Hearing The Coyote Howl
My love language is acts of service. Nothing delights me more than having a fresh pot of coffee waiting for me at home after I finish 6:30 AM yoga or being surprised that my car had been washed while I was at work. Knowing that I’m being supported means more to me than receiving a gift. However, I always feel a tinge of sadness during the holiday season because I spend 45 days furiously bowing and wrapping gifts while I rarely receive anything gift wrapped. It’s not the items that I miss but the experience of being delighted by discovering what’s beneath the paper. I yearn for the release of happy neurochemicals before the moment of revelation.
A few days before Christmas last year a former neighbor of mine, Cina, walked in with a tiny box adorned with blue and gold striped paper topped with a dreidel ornament and handed it to me. “A gift for me? The gift girl never gets gifts!”
I took my cherished present home and left it on the kitchen table knowing I’d save it to open on Chanukah. On Day 1 I couldn’t bring myself to tear the paper. Same for Day 2. Eight days passed and the little wrapped box remained untouched on the table.
Finally, the day after the holiday ended, I determined I should open it because Cina was probably wondering why I hadn’t thanked her. I slowly detached the tape and unfolded the paper to reveal a black gift box with white edges that only time could have frayed. I knew something special was being passed on to me.
I lifted the lid, removed the statement emblazoned with the artist’s name Tavlos, and discovered a tiny piece of jewelry. It was an enameled pin of a black and white striped coyote howling at a cerulean full moon. I then read Tavlos’ card that said his work is “birthed” from his experiences and his hope is that his art will “bring magic to the lives of others too.” I sat with this for a moment as I considered how my travels inform my curation and the joy I get when my finds are gifted.
Curious to learn more about him, I read online that he had been living in Santa Fe in the 80s when he lost his wife and stopped painting. Two years after she died, he was out on his veranda and heard a lone coyote howling one night. Then more chimed in. He felt like the animals were expressing the pain in his heart. With his grief eased, he returned to his studio the next day and began to paint coyotes.
I thanked Cina again for this treasured gift and explained why it took my so long to reach out. I told her about the “365 Days of Lovely Thoughts” notepad that lives on my kitchen table and that the quote for January 2nd read “Each day comes bearing its own gifts. Untie the ribbons. – Ruth Ann Schabacker
I asked Cina why she thought to gift the pin to me. She explained that when she was in his Santa Fe studio that she bought one pin for herself and a second to give away. She hadn’t found that person in almost 40 years, despite my living in the same building as her in the early 2000s. It just suddenly called out to her that I would be the lucky recipient. I joked that perhaps all the Beverly Hills Zone 6 posts warning about coyote sightings near my home prompted her to bestow it upon me.

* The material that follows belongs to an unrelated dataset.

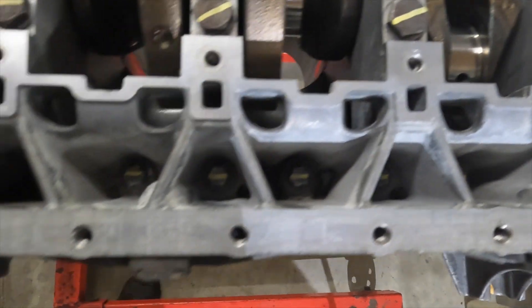All right, you guys can see everything has been torqued at 90 degrees.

I thought about writing about the pin but then the January 7 fires broke out. On the 8th, I sat down with my dad to discuss what we would grab if we ever needed to pack a Go Bag. He didn’t want any of the treasured French art glass that he had collected with my mom. I kibbitzed if that meant that I could now ask our housekeeper Julia to help me clean it.
We decided that we wouldn’t take my great-grandmother’s porcelain floral teacups, our marathon race medals, or my mother’s ashes that are contained in a ceramic vessel that we built together. The coyote pin that was so precious to me 6 days earlier didn’t make the list either.



It made me realize that how we value things really depends on time. I’m thankful that my home is filled with souvenirs of experiences that remind me of moments of a life well lived and filled with love. If an earthquake destroys my home and my collection of ceramic swift birds in flight, I won’t lose the memories of countless evenings in southern Europe sipping Negronis. If we ever lost all the photos of my mom, we wouldn’t lose her because when you see me, you see Marlene.

Today is my mother’s 10th yahrzeit and I realize that I’m holding on to merchandise from her old store because it’s a part of her passion and curation. Wine glasses and platters, still labeled with Tesoro price tags, could possibly be items that were once on a Palisades resident’s bridal registry. Perhaps, like the enamel pin came to me, now is the time to let the magic that’s been boxed up in my home for decades out and into my store for other people to enjoy.
I can hear the coyote howling and now it’s the moment to let go.